Another option is to hire an expert to go over your resume with you and help you identify areas where you can improve. If a $100 investment here can lead to a new job that pays $5,000 more per year, that is a 50X return on your investment.
Don’t Make These Mistakes with Your First $100
As you do your research and decide how to invest $100, you will likely come across a few ideas that you should stay far away from.
Invest in penny stocks. Penny stocks are usually penny stocks for a reason. Don’t waste your time.
Buy into an MLM. Instead of getting sucked into a multi-level marketing scheme where you will most likely lose money (and friendships), find another business to start where you have more control over your product and sales strategy.
Sports betting. No matter how well you think you know your sports teams, the sports betting game is always rigged against you over the long run. The sports betting industry raked in nearly $1.4 billion in revenue (on over $20 billion in bets). Don’t add your hard earned money to their bottom line.
The Power of Just $100 – And Starting Now
“What’s the point of investing if I only have $100? Any amount I make from it will be so small that it’s not even worth my time.”
This is one of the biggest misconceptions people have about investing. That it’s only worthwhile if you are able to put down a lot of money at once. That couldn’t be further from the truth!

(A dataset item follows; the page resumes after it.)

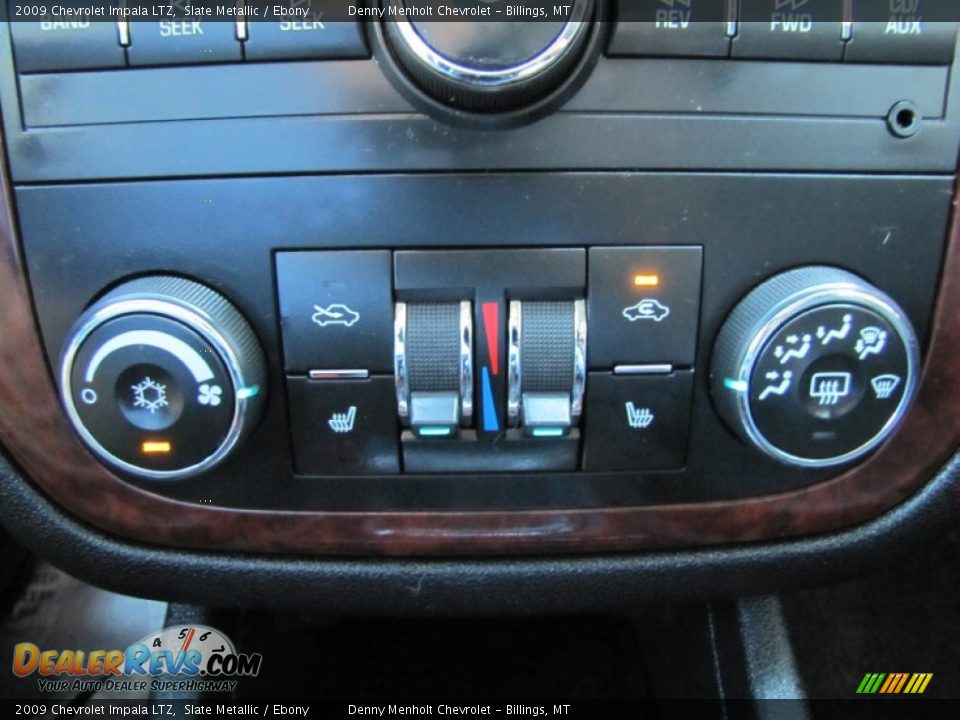 2009 Chevrolet Impala LTZ Slate Metallic / Ebony Photo #20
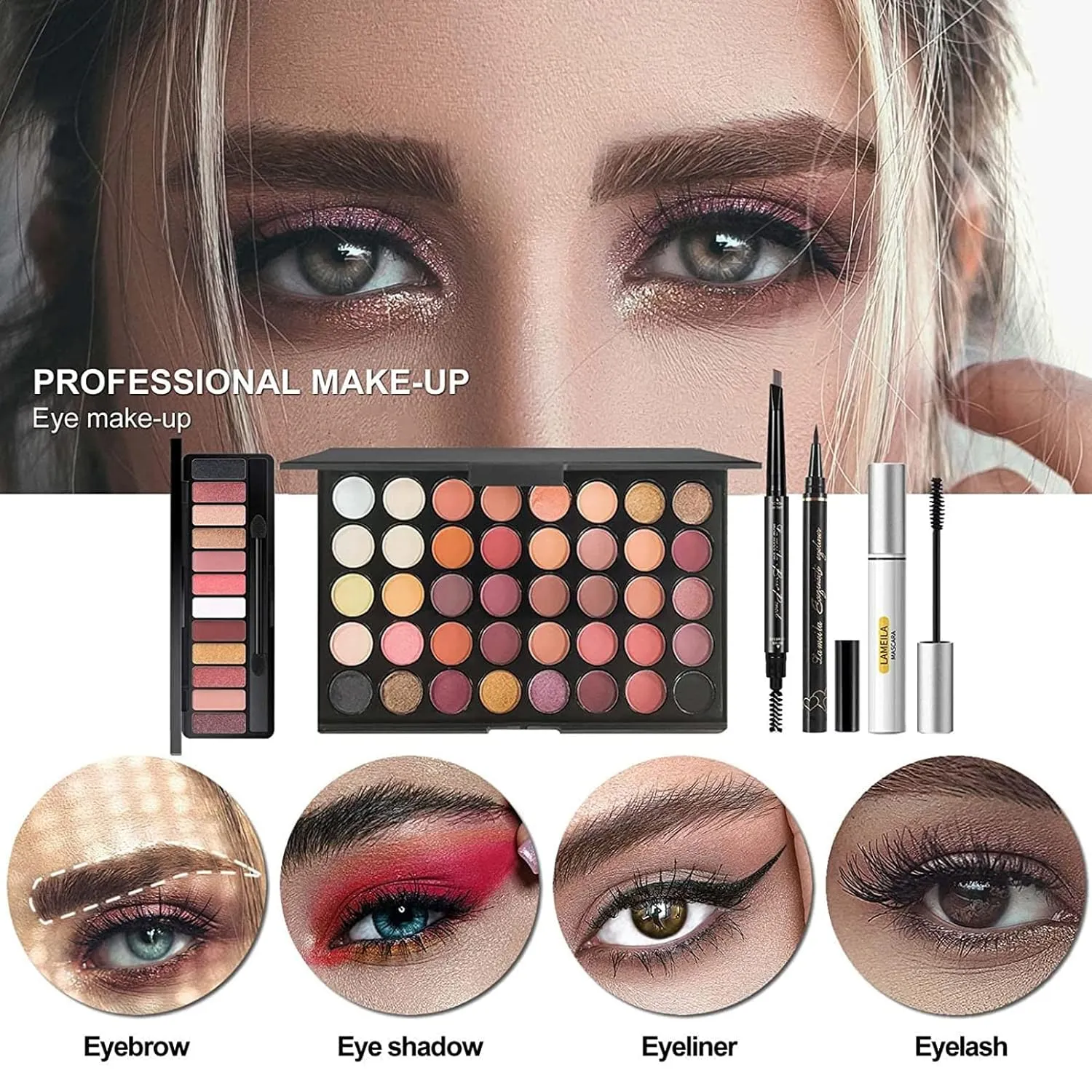 M All In One Full Makeup Kit for Women, Multipurpose Makeup Sets, Beginners and Professionals Alike, Easy to Carry(Pink)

The point of investing $100 isn’t to turn that $100 into $1,000,000; it’s about taking the first step toward changing your financial life — forever. If you can invest $100 once, you can do it again, again, and again. And that is where the magic happens.
Investing is not a “one and done” affair.
It’s a habit that you build one day, one week, one month at a time.
And the sooner you start, the better; even if it’s small.